Verizon Droid Review:Droid Phones
Verizon Droid Review:Droid Phones – Next week (Nov. 6) for about 200 bucks you can get your hand on the Verizon/Google Wireless Droid .It looks nothing like iPhone ,it is way more simple with all the features you need like the turn-by-turn directions for Google Maps Navigation.The black skin is far from being sexy but the beautiful screen and the 16:9 aspect ratio that makes both browsing and video viewing much nicer will make up for that little flaw.In conclusion Verizon, Motorola and Google have created a very good and useful smart phone.CNET News wrote about it:
At first glance you might not think that the Motorola Droid’s design amounts to much. Its build isn’t very unique and the sharp angles result in a somewhat boxy look. But this is a smartphone that holds a lot of surprises, the biggest being the positively gorgeous WVGA display. At 3.7 inches it surpasses even the iPhone and is firmly in the bounds of what we consider to be an acceptable size for a touch-screen display. Color support is generous (16 million hues) and the resolutions (440×854 pixels) is some of the richest we’ve seen. We aren’t kidding when we say that this display is bright and brilliant with vibrant colors and sharp graphics. It also lends itself well to the welcome Android 2.0 interface updates (more on that later).

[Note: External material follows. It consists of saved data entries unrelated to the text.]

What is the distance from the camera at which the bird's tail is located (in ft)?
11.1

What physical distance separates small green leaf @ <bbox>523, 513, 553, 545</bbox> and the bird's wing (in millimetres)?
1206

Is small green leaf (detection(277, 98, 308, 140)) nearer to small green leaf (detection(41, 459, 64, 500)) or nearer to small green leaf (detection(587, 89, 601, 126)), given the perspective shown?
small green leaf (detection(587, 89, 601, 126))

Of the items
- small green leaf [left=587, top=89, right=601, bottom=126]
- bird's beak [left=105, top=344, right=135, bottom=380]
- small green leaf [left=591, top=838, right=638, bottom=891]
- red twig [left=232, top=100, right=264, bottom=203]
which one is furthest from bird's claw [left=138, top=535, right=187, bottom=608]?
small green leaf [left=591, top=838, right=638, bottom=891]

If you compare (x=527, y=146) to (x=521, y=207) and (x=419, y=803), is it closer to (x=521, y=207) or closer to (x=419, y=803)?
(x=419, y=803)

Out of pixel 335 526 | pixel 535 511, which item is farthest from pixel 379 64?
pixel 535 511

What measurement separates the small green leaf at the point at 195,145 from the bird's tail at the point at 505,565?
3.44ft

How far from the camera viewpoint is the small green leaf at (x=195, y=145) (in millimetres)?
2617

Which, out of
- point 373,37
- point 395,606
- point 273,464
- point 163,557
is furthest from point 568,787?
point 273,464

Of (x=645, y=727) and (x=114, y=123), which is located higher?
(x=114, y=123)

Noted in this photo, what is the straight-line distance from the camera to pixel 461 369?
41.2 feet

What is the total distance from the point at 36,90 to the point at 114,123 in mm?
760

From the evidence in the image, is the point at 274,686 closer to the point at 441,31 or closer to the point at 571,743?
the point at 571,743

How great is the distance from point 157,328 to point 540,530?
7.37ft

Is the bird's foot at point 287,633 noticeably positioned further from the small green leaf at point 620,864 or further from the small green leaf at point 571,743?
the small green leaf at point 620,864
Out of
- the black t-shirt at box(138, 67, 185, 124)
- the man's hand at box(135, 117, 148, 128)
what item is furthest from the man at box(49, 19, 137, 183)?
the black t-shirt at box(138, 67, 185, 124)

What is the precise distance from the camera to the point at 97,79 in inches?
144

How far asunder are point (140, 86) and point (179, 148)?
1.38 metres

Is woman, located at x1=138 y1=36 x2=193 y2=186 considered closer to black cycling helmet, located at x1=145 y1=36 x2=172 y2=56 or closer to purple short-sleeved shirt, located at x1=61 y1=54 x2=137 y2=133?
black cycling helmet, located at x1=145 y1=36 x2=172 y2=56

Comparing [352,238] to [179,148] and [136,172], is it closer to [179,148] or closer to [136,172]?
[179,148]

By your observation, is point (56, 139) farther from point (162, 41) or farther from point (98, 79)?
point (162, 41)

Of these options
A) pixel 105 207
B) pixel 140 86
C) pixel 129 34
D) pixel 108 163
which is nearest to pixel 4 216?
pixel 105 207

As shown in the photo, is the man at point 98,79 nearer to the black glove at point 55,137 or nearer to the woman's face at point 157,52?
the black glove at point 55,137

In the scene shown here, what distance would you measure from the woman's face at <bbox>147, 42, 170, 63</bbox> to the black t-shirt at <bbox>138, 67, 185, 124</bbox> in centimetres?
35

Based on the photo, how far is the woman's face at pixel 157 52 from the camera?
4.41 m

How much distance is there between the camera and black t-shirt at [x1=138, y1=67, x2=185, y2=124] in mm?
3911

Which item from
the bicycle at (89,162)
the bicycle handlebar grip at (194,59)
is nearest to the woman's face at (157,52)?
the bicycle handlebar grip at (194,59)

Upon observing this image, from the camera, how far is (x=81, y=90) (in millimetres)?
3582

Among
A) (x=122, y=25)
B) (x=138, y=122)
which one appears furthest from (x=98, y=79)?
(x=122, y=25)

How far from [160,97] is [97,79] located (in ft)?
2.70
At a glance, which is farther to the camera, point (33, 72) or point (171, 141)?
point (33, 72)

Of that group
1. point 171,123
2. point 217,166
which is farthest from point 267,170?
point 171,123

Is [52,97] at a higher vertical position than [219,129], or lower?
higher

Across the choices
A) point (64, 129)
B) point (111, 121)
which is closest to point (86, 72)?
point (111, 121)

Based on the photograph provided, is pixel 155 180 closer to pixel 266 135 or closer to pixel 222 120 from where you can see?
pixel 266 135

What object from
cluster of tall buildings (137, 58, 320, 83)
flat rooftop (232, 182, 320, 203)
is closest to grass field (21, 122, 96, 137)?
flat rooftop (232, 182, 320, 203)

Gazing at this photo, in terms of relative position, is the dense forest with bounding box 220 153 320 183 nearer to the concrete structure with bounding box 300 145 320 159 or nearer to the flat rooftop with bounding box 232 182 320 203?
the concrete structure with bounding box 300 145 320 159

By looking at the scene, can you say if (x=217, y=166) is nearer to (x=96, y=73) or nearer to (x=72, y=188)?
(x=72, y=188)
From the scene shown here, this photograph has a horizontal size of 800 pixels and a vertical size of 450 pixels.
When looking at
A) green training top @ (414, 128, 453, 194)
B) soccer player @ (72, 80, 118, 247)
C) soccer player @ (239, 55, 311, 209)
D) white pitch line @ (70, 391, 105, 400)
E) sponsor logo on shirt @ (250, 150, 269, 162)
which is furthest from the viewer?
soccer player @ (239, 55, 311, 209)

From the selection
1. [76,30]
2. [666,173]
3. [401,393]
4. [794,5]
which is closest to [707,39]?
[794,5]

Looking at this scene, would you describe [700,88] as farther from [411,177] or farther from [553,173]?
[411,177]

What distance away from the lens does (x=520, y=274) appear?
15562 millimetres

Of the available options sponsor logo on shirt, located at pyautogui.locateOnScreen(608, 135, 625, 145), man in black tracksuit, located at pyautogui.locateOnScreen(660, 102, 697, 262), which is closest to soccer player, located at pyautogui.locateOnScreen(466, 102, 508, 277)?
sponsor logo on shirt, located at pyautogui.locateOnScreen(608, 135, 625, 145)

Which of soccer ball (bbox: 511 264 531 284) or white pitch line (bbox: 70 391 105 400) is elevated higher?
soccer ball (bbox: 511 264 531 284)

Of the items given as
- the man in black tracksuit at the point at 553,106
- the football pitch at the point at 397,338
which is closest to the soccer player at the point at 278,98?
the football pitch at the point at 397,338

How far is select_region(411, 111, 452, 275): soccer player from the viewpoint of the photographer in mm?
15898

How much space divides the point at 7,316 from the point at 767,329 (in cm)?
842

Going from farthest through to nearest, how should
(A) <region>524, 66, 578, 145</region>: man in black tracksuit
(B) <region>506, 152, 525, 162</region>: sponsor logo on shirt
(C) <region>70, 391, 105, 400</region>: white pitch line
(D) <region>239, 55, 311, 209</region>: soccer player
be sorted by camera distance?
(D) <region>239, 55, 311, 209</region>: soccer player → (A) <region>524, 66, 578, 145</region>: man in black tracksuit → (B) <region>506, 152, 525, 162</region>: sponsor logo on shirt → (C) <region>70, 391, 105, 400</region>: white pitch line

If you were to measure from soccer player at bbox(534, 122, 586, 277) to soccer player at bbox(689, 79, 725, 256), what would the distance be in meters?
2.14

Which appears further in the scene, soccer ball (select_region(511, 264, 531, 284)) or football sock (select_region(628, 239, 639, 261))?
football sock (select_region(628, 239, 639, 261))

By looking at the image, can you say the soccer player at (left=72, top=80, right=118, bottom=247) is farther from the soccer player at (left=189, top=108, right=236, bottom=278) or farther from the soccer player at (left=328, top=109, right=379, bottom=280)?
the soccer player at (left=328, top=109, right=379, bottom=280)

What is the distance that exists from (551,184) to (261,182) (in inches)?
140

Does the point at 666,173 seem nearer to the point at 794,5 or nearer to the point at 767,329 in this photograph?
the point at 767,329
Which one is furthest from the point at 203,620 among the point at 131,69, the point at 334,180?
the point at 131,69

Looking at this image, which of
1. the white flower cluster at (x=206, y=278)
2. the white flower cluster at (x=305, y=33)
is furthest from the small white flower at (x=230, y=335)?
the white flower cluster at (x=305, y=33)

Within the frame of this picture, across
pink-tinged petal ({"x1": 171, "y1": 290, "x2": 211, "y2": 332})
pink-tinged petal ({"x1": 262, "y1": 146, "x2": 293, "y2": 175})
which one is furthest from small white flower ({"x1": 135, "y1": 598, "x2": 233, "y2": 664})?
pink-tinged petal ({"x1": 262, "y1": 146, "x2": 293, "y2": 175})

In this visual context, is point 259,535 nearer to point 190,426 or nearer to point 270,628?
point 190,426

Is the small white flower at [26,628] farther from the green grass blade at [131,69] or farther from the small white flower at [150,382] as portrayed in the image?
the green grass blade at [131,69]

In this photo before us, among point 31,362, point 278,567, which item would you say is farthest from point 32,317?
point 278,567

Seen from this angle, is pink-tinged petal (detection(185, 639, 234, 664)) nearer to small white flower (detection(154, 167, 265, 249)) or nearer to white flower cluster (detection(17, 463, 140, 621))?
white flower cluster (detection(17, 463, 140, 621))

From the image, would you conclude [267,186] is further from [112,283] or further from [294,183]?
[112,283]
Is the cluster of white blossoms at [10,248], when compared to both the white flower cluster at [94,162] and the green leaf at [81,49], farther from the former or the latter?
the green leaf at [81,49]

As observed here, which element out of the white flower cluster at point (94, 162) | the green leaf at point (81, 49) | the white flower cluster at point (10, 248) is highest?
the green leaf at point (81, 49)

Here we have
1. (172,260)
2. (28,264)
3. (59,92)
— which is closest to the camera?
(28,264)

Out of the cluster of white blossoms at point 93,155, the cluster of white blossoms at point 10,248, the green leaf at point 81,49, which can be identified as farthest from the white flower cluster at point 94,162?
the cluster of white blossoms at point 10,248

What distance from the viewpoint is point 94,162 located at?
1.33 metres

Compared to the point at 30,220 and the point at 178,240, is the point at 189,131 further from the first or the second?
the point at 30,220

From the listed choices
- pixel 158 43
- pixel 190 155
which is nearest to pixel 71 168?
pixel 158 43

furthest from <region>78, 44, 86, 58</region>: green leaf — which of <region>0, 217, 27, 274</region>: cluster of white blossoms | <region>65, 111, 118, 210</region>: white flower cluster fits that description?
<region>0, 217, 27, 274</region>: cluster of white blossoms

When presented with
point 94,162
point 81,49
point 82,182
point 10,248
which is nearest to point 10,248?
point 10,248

Of course, with a large display the Droid is rather big (4.56 inches by 2.36 inches by 0.54 inch), but that’s a small price to pay for the top-notch display. You’ll notice that the Droid is a heavy (5.96 ounces) compared with other smartphones, but the trim design keeps it portable. We also welcome the solid feel in the hand, even if the slider mechanism is a little quirky. The actual sliding motion is quite stiff, but the front face doesn’t really lock into place on either end. Indeed, we noticed that even a gentle nudge can start to close the Droid. No, it’s not a big deal, but it’s something to consider.
Wired News said:
The Droid goes beyond the iPhone in two key areas: Like the Palm Pre, applications can run in the background, and switching among them is a smooth process. And as a robust GPS device it accepts and gives turn-by-turn verbal instructions, making it the closest approximation yet to a total GPS solution that obviates the need for a dedicated vehicle device. One caveat: It’s necessary to be connected to the 3G data service for course correction and other dynamic route features to work (and to even plot a course), so this is not a replacement for a GPS device in locales where Verizon 3G coverage is nonexistent or spotty.